Index funds are parasites
Mr. Bogle, don’t take this the wrong way. Index funds are a great invention: they are simple, tax efficient, perform well, and push down investment management fees generally. All of these things benefit individual investors.
“Parasite” refers only to the fact that index funds benefit from market efficiency, while providing none.
Index funds track an overall market index by maintaining an appropriately weighted portfolio that mirrors the index. This performs well by riding the rising tide of the general stock market at very low cost.
But imagine if all equity capital were invested through index funds. Then index funds would comprise the entire market. No mechanism would exist for buying stocks below intrinsic value, and selling above intrinsic value. Markets would not be efficient, and stocks would follow a path that bore no relationship to value.
That imaginary situation cannot occur, because in the real world, “value arbitrageurs” always step in to restore market efficiency. But the fact is that index funds are nonmarket entities. Realistically, as index funds take an ever larger fraction of total market capitalization, a market distortion might begin to appear in the form of increased volatility.
Investors extrapolate. Thus, when markets have gone up recently, they pile into index funds, which then automatically buy stocks without regard to price. If this is done in sufficient volume, stock prices generally will rise to historically unusual price/earnings ratios. This creates a self-reinforcing state: rising stocks cause rising index investments, which cause rising stocks.
But individual investors also fear loss more than they desire gain. Thus, when a general market decline begins, redemptions accelerate. If index funds accounted for a large percentage of all stocks, and if price-earnings ratios were at historically high levels, then such a decline/redemption cycle could also be self-reinforcing. “Self-reinforcing decline/redemption cycle” is a very polite way of describing a market crash.
But that can’t happen, the efficient market theorist might argue, because the remaining non-index investors will simply arbitrage all that out, restoring efficient pricing. OK, let’s assume the theorist is right there. In that situation, who makes all the money? Hint: it’s not the index fund investor. Suddenly, they are on the wrong side of the efficiency equation. The arbitrageur makes the money by betting against the blind money going into or out of the market.
Thus it seems two things are true. First, index funds cannot grow past a certain point without ceasing to perform as they have. The change seems likely to emerge not as lower total returns, but rather as much higher volatility.

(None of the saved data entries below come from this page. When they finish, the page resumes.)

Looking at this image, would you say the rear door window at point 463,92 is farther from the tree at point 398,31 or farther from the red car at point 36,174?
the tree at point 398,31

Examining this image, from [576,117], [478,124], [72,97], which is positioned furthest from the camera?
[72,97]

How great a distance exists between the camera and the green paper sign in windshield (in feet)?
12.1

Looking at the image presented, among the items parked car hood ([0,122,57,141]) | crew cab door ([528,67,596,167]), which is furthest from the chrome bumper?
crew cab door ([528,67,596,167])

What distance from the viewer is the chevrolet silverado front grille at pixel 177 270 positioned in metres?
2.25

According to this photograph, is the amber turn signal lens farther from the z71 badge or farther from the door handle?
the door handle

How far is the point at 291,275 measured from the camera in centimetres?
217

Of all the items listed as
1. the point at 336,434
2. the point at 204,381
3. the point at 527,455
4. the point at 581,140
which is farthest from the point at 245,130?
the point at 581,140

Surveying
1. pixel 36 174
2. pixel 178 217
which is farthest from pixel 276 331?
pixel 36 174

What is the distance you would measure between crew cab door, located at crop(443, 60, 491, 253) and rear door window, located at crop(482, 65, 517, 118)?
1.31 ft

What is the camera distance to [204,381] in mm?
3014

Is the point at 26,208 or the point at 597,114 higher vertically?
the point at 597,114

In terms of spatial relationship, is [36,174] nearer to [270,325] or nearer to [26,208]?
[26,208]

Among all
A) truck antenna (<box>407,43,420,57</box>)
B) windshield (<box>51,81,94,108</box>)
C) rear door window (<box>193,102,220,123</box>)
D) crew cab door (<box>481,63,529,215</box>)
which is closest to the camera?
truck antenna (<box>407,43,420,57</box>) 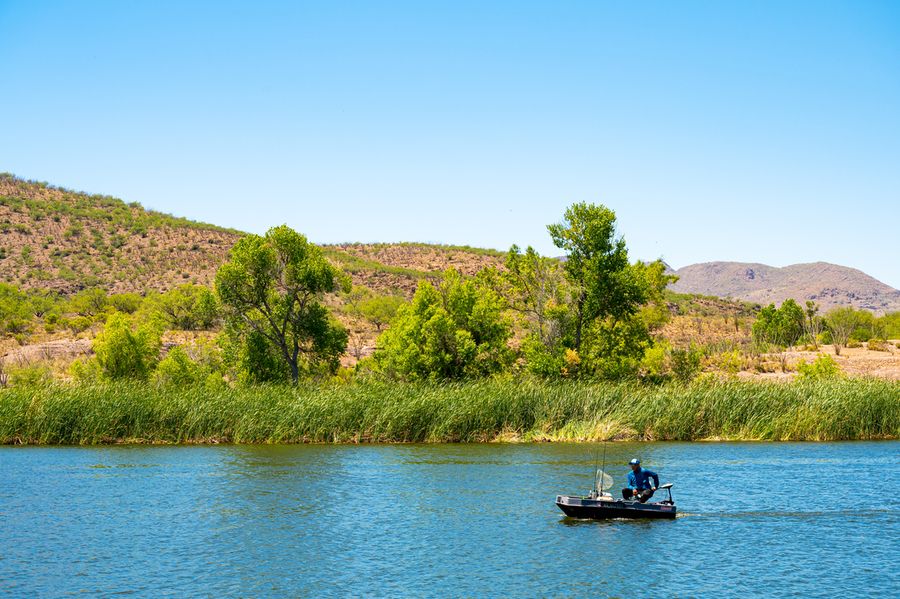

Second, for index funds to work, a mechanism of market efficiency must exist in the form of managed investments. That role might be small — perhaps only 10% of total market capitalization — but it must exist. And the larger the fraction of total capital under index fund management, the greater and more likely the distortion, and thus the higher the potential returns to traditional managed investments would become.
Thus, in the long run, index funds may actually benefit the few that remain as traditional investment managers.